Practice to turn riverside St Magnus House into a visitor destination on the Thames Path

Buckley Gray Yeoman has unveiled plans for the latest major overhaul of a City office block, a Richard Seifert-designed brutalist building on the banks of the Thames.

The practice has submitted a planning application for the refurbishment of St Magnus House, a late 1970s building at 3 Lower Thames Street just east of London Bridge.

Retrofit work accounted for more than three quarters of office space currently under construction in London, according to the latest crane survey by Deloitte.

Originally intended to house part of the new Billingsgate Fish Market, the nine-storey St Magnus House was converted to office use halfway through its construction when it was decided to move the market to Canary Wharf instead.

It is now considered by the scheme’s developer Pegasi Management Company Ltd outdated but with “immense potential” due to its location with views of Tower Bridge and the Shard.

Pegasi said it wants to reinvent the building as a “best in class” workplace, enhance the site’s public realm to make it greener and more characterful, and turn the building into a visitor destination with a new riverside cafe.

The plans would also see the creation of a new double-height lobby linking Lower Thames Street with the river path, replacing blank concrete walls with new glazing, building a cycle hub, installing new feature lighting and painting an exterior staircase red.

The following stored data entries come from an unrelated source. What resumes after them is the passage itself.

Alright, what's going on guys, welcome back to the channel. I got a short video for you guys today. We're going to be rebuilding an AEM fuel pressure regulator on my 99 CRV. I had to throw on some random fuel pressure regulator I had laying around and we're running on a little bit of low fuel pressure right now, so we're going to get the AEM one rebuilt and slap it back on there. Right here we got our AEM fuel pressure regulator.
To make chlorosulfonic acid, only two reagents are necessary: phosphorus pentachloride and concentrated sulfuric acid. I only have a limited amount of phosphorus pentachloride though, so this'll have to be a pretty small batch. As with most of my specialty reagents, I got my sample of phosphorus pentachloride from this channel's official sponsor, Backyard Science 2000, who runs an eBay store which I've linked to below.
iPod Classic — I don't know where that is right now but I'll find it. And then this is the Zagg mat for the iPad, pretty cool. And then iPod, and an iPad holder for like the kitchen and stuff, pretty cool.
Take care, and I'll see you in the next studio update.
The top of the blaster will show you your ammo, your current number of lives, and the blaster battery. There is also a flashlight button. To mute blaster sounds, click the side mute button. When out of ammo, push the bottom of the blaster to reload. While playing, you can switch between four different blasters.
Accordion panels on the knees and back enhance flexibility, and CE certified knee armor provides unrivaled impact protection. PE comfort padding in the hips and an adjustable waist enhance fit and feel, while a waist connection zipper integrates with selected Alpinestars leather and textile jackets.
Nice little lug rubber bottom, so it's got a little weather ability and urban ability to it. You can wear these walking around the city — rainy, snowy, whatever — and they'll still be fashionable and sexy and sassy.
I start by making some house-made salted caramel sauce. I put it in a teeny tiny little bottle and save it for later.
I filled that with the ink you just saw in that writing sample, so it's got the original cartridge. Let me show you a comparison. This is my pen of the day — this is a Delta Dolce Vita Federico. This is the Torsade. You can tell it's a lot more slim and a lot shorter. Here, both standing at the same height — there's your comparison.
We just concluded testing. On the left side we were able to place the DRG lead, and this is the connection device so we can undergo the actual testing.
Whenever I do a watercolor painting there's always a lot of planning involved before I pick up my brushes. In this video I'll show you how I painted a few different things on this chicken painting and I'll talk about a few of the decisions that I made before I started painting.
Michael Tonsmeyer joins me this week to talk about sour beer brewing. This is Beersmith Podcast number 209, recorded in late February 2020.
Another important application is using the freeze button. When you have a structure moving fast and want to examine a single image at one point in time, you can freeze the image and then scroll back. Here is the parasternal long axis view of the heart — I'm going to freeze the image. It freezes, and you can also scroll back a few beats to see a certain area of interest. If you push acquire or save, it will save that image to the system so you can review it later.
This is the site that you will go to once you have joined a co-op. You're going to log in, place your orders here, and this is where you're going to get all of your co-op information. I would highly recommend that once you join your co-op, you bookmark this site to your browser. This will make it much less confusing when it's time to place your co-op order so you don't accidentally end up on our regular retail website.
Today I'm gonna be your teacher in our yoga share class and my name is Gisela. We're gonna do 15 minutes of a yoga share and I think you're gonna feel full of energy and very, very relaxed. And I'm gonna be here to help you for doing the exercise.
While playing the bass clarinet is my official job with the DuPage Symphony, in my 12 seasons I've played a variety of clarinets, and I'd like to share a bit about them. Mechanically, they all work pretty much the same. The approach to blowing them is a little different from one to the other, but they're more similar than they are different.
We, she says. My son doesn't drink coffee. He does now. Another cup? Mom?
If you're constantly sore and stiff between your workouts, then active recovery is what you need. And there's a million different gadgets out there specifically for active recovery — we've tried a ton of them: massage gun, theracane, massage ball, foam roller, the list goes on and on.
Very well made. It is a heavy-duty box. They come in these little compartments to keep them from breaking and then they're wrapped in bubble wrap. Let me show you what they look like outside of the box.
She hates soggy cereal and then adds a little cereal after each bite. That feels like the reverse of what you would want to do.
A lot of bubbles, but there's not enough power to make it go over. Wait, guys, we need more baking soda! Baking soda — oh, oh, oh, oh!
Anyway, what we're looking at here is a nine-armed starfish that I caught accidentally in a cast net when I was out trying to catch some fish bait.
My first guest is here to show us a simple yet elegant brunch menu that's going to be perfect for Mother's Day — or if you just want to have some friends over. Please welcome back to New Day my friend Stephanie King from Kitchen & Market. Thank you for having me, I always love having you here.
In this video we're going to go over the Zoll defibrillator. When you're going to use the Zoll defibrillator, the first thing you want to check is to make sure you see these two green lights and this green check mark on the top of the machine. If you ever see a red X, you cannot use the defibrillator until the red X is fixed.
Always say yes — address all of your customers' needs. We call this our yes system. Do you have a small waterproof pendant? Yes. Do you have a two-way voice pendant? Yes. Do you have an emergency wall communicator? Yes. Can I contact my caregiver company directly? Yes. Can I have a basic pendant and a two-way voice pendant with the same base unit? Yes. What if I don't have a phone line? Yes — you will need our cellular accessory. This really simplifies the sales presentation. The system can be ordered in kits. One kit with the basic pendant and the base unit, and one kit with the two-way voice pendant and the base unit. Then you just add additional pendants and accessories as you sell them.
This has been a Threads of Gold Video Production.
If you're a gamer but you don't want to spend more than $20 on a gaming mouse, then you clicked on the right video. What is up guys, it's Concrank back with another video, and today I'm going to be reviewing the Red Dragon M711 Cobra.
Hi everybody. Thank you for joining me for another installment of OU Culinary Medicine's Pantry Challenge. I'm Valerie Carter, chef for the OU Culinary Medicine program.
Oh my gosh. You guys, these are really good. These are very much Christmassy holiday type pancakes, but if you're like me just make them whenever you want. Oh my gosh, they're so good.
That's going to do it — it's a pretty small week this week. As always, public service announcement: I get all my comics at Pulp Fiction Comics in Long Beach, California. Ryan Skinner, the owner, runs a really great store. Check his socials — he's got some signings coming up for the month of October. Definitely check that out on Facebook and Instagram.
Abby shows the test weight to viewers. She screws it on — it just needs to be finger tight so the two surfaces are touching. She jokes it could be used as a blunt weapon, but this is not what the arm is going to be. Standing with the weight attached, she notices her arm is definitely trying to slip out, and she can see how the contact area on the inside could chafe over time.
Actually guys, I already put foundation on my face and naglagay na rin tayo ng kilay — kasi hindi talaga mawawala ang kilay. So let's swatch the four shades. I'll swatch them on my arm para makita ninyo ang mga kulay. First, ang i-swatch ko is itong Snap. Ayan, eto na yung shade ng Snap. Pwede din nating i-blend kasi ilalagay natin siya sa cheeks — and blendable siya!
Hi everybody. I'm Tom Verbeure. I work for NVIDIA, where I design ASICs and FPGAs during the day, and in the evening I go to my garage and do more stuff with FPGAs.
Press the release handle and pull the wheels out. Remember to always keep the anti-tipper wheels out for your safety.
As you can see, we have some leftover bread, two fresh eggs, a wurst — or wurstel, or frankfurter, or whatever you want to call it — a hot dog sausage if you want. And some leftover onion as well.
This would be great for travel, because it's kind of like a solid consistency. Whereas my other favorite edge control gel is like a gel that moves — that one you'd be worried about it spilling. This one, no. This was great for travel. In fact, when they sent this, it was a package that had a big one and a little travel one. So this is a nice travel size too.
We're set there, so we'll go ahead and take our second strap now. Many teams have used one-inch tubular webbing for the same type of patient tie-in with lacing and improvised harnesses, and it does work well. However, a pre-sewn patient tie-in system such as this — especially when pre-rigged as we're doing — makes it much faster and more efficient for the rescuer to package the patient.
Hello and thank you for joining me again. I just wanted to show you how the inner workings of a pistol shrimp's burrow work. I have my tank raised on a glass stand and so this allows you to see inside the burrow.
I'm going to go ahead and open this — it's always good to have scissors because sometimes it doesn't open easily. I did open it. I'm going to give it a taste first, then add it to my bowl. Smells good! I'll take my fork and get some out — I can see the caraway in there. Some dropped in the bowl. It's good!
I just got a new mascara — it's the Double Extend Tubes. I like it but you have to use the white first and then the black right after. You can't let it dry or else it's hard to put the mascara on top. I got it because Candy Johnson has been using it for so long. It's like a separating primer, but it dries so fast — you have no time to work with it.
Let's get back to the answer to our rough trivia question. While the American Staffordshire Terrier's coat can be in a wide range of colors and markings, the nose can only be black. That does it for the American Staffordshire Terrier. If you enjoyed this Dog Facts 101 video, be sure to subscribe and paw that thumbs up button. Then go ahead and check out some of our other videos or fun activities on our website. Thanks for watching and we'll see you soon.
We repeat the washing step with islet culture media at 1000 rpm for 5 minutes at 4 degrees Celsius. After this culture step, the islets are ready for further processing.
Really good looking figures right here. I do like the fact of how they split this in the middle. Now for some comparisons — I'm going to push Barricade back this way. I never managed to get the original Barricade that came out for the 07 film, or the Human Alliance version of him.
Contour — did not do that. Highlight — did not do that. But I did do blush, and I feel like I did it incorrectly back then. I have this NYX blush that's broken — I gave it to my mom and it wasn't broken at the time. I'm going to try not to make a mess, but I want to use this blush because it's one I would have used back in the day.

Two existing office spaces on the first floor would become a restaurant, while upper office levels would be refurbished with new perimeter windows and terraces overlooking the Thames.

St Magnus House

St Magnus House currently. It was designed by Richard Seifert and built in the late 1970s as the first phase of the new Billingsgate Fish Market, although it was converted into office space halfway through construction.

The building’s top floor, which currently contains plant, would be transformed as an office amenity space and roof garden.

The project team so far includes QS Gardiner & Theobald, project manager Knight Frank, planning consultant Gerald Eve, landscape architect Space Hub, services and sustainability consultant Ramboll, structural engineer Heyne Tillett Steel and building control consultant Sweco.

The scheme is the latest in a series of major retrofits in the Square Mile recently submitted for planning, including proposals by Orms filed last week for a refurbishment and expansion of Deutsche Bank’s UK headquarters at Winchester House.

Further up the river, Bennetts Associates recently progressed plans for an eight-block redevelopment of the Puddle Dock site next to Blackfriars station that includes refurbishments of several existing buildings.

Last month, contractor Mace was appointed to upgrade a Foster & Partners-designed block near St Paul’s Cathedral. The scheme, designed by Gensler, will see an extra storey and a 5,000sq ft roof garden added to the building at 10 Gresham Street.